A growing body of evidence has established the CNS not only as target tissue of autoimmunity in MS, but has found sub-compartments (i.e. brain parenchyma, cerebrospinal fluid, meningeal tissue) to reflect immunological activity, supporting B cell affinity-maturation, proliferation, and terminal differentiation to antibody-producing plasma cells. B cells are commonly found in MS lesions, albeit predominantly in active lesions and at significantly lower numbers compared to T cells[38]. Lymphoid B cell follicle-like structures featuring characteristics of germinal centers were observed in the cerebral meninges of SPMS patients [39] and are associated with cortical neuronal loss and demyelination[40,41]. While the pathological importance of such ectopic B cell follicles as drivers of CNS targeted autoimmunity remains to be fully understood, the presence of CD35+ follicular dendritic cells and proliferating B cells, together with expression of the B cell-attracting chemokine CXCL13 and of the B cell-activation factor (BAFF) suggest active immune responses to occur in meningeal tertiary lymphoid tissues in SPMS patients[39,42]. Further, CXCL13 and BAFF were also described in MS lesions [43,44] where these factors could mediate local B cell recruitment and maturation at sites of active demyelination. B cells and B cells present in MS CNS and CSF are clonally expanded[45-47] and IgG class-switched[48,49], and their immunoglobulin genes are somatically hypermutated and appear to be subjected to intrathecal affinity-maturation[36,47,50-52], additional evidence for active B cell immune mechanisms. The fact that overlapping B cell repertoires expressing related Ig-VH sequences were found in MS brain parenchyma, meningeal lymphoid follicles, CSF, and the periphery [35,36,53,54], suggests an intrathecal immunological continuum that may be exposed to immune-stimulation on both sides of the blood-brain barrier (Figure 2).
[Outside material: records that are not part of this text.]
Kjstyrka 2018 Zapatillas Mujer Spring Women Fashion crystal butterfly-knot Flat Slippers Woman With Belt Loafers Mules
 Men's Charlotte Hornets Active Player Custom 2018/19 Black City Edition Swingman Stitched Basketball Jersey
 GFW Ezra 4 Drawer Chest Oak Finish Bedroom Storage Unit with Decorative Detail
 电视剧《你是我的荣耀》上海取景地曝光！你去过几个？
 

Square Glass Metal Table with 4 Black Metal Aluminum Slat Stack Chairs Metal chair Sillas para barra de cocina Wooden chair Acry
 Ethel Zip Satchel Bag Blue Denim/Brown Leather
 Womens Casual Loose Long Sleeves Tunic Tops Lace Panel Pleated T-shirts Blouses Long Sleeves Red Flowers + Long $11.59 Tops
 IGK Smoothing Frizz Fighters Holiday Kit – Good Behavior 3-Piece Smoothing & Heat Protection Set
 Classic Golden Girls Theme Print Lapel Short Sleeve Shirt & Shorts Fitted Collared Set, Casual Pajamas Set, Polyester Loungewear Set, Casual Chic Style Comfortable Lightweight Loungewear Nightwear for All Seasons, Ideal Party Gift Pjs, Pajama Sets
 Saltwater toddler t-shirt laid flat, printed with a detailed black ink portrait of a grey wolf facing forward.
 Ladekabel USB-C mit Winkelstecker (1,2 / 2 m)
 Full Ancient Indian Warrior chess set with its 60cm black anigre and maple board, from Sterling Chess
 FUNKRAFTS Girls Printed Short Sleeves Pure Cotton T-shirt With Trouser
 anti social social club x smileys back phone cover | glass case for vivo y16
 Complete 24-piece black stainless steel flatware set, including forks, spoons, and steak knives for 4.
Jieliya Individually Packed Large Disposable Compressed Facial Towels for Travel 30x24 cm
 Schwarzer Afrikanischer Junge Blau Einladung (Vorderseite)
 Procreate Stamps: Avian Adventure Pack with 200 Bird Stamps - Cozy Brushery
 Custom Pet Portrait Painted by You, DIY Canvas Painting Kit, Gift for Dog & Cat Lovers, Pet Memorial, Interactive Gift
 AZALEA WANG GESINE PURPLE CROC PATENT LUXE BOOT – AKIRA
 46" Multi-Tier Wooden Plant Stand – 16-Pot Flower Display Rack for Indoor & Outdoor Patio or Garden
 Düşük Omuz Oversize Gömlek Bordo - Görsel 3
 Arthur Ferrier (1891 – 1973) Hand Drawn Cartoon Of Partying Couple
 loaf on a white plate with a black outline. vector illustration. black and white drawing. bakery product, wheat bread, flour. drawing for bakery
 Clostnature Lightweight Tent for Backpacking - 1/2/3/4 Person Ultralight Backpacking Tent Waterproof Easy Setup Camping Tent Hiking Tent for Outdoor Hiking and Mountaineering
Memory B cells in the CSF display up-regulation of co-stimulatory molecules[55] suggesting active B-T cell interactions. Different stages of B cell development are present in CSF[55] and CSF plasma cells are producers of soluble clonal IgG[56,57], further supporting antigen-driven B cell immune responses to be active intrathecally. It has been repeatedly shown that antigen-experienced B cell subsets predominate in the CSF and CNS. Accordingly, >90% of B cells in the CSF carry the memory B cell marker CD27 and a fraction of CSF B cells express CD138 and/or CD38, supporting presence of mechanisms stimulating the maturation of clonally activated memory B cells into antibody producing plasmablasts and plasma cells[58]; CD27-IgD+ naïve B cells are significantly lower in the CSF compared to blood[59].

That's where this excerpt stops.